El resultado fue sobresaliente, a pesar de una veintena de muertos y un centenar de heridos, carne de cañon para conseguir el premio. Los de La Marmora combatieron duramente, sobre todo cerca del rio Chornaya (en italiano Cernaia, hay unas cuantas calles en toda la península con este nombre), muy cerca de Sebastopol, en la actual Crimea, territorio corazón del actual conflicto entre Rusia y Ucrania.
Los rusos querían expandirse hacia el sur, una idea que chocaba contra los intereses de los turcos, y desde allí empezó todo
Aquella batalla, el 16 agosto de 1855, a pesar de ser secundaria con respecto al conflicto principal, fue decisiva porque los Bersaglieri ayudaron muchísimo a los franceses, que apreciaron el gesto. A Cavour Crimea no le interesaba nada, el objetivo era aliarse con la máxima potencia continental, el Imperio de Napoleon III, otro Bonaparte, sobrino de Napoleon ‘El Grande’ y de su madrina Paolina.
En el Congreso de París de 1856 los ganadores y los perdedores se juntaron, incluso representantes de los que no habían participado en el conflicto, como los Austrias. Allí Cavour pudo concretar alianzas tanto con Francia, militarmente, como con Inglaterra, económicamente: el precio de las molestias.
El resultado sería, en 1859, la Segunda Guerra de Independencia Italiana, finalmente triunfante para el Reino de Cerdeña, con la conquista de la ‘caja fuerte’ de los Austrias: la Lombardia, la región de Milán.
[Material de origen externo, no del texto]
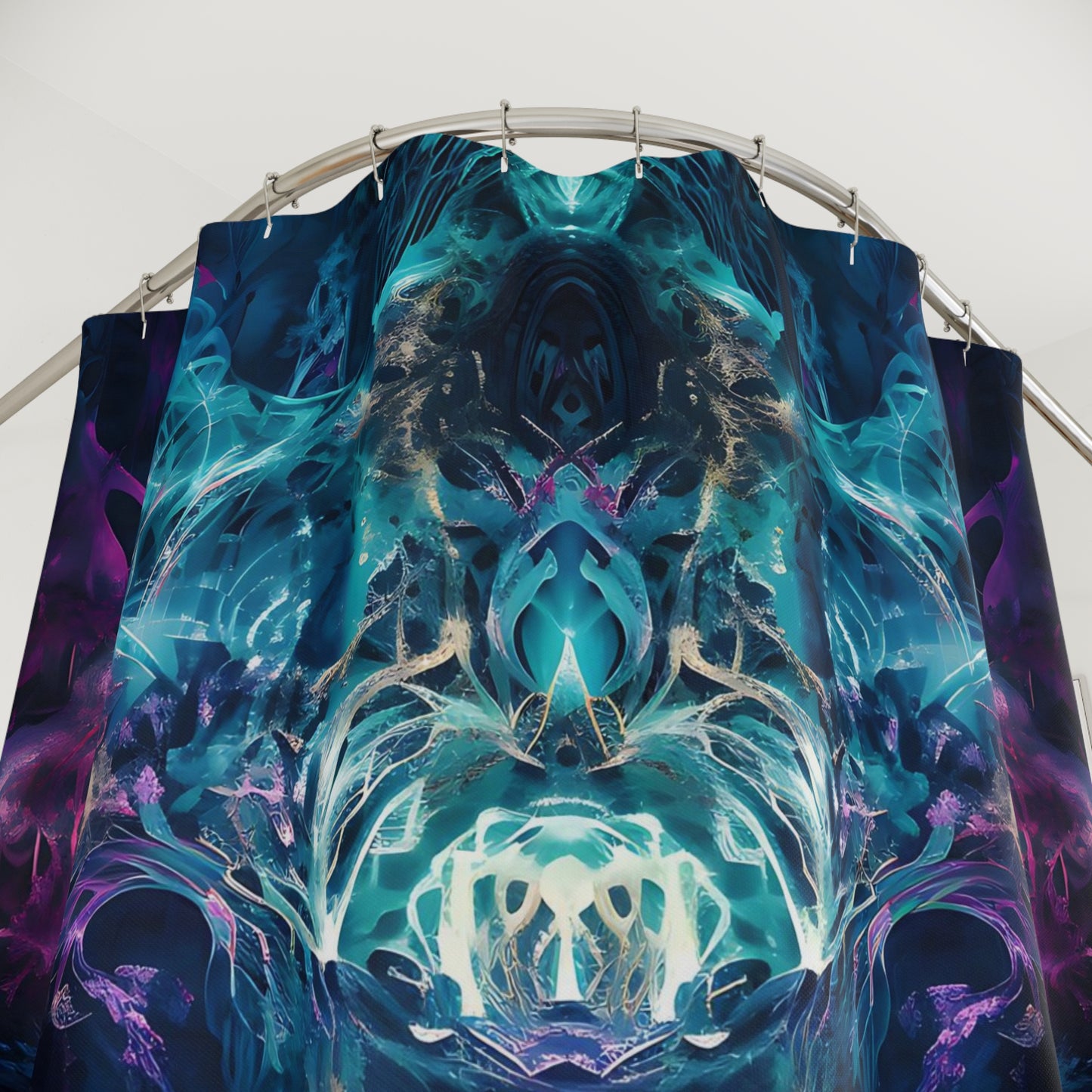Polyester Shower Curtain - Mystical Reflections 4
Rue de Solférino y Boulevard de Magenta, en París, recuerdan aquellos momentos decisivos, cuando Italia iba a empezar su proceso hasta la unificación de 1861, el año también de la muerte de aquel extraordinario jugador llamado Camillo Benso, conde de Cavour, que en Crimea había visto el punto de partida para sus proyectos.